Exercise: Once you find the line with "EM 2016: Türkei verliert 0:3 gegen Spanien" in the entries below, print it and each line after it up to and including the line with "Karty mariáš KARO 36 list", exactly, without pictures.

Supplied entries:
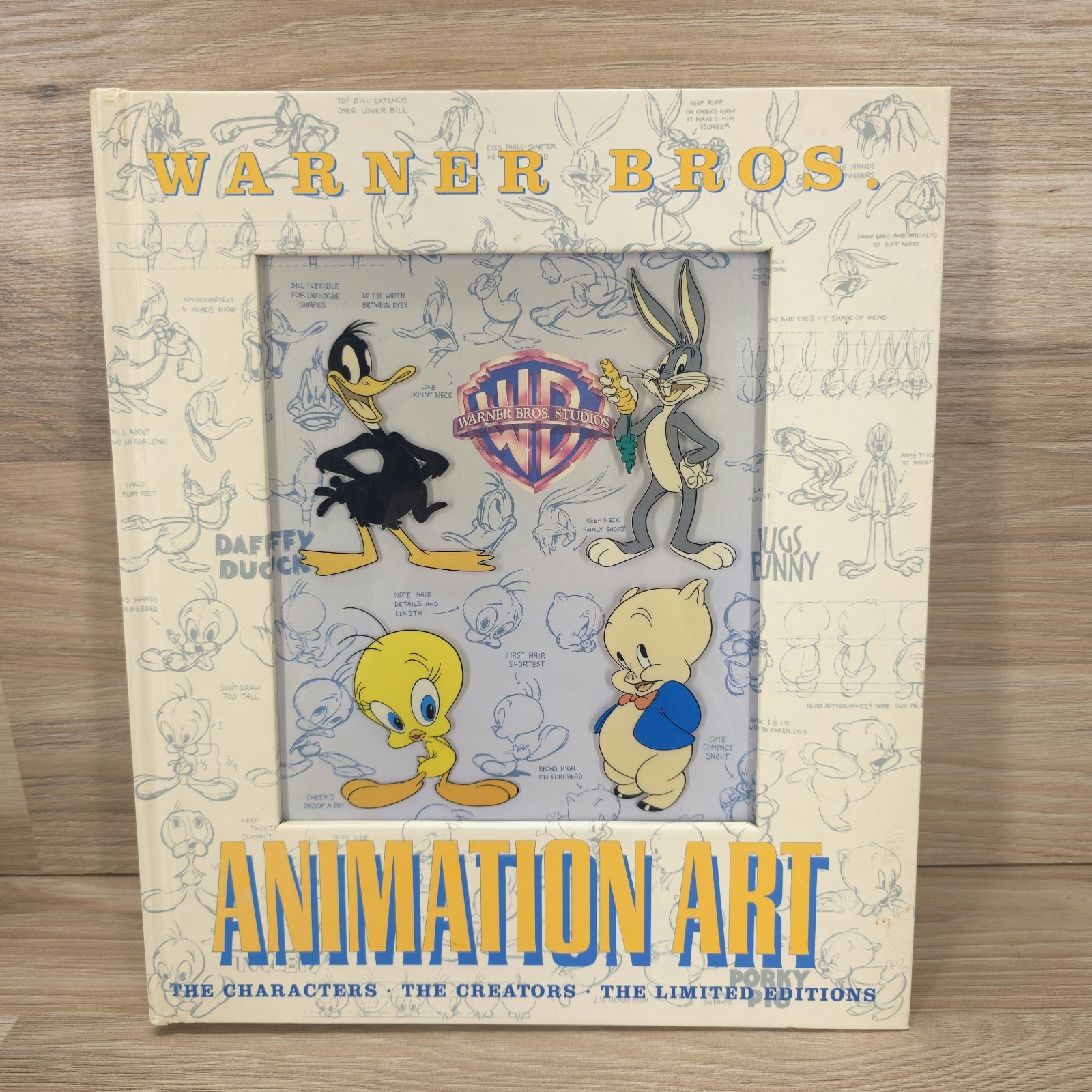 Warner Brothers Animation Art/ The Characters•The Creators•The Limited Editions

* * *

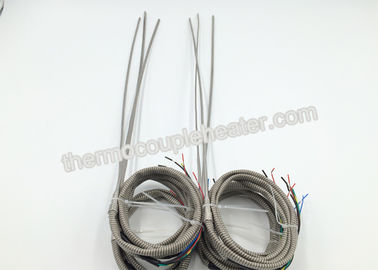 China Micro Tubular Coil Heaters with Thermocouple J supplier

...

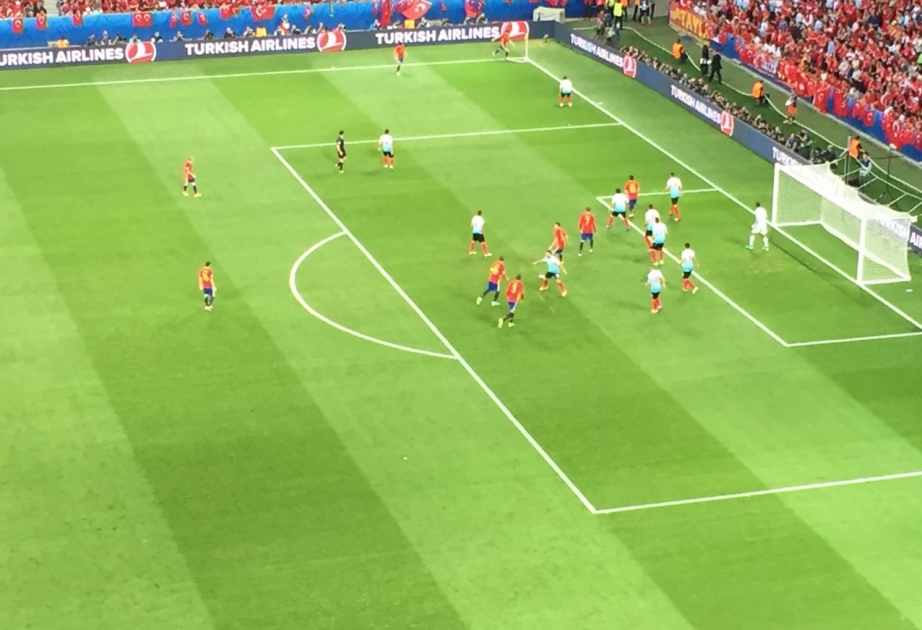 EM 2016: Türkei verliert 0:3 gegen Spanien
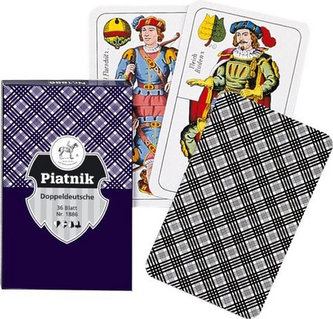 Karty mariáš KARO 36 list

Response:
 EM 2016: Türkei verliert 0:3 gegen Spanien
 Karty mariáš KARO 36 list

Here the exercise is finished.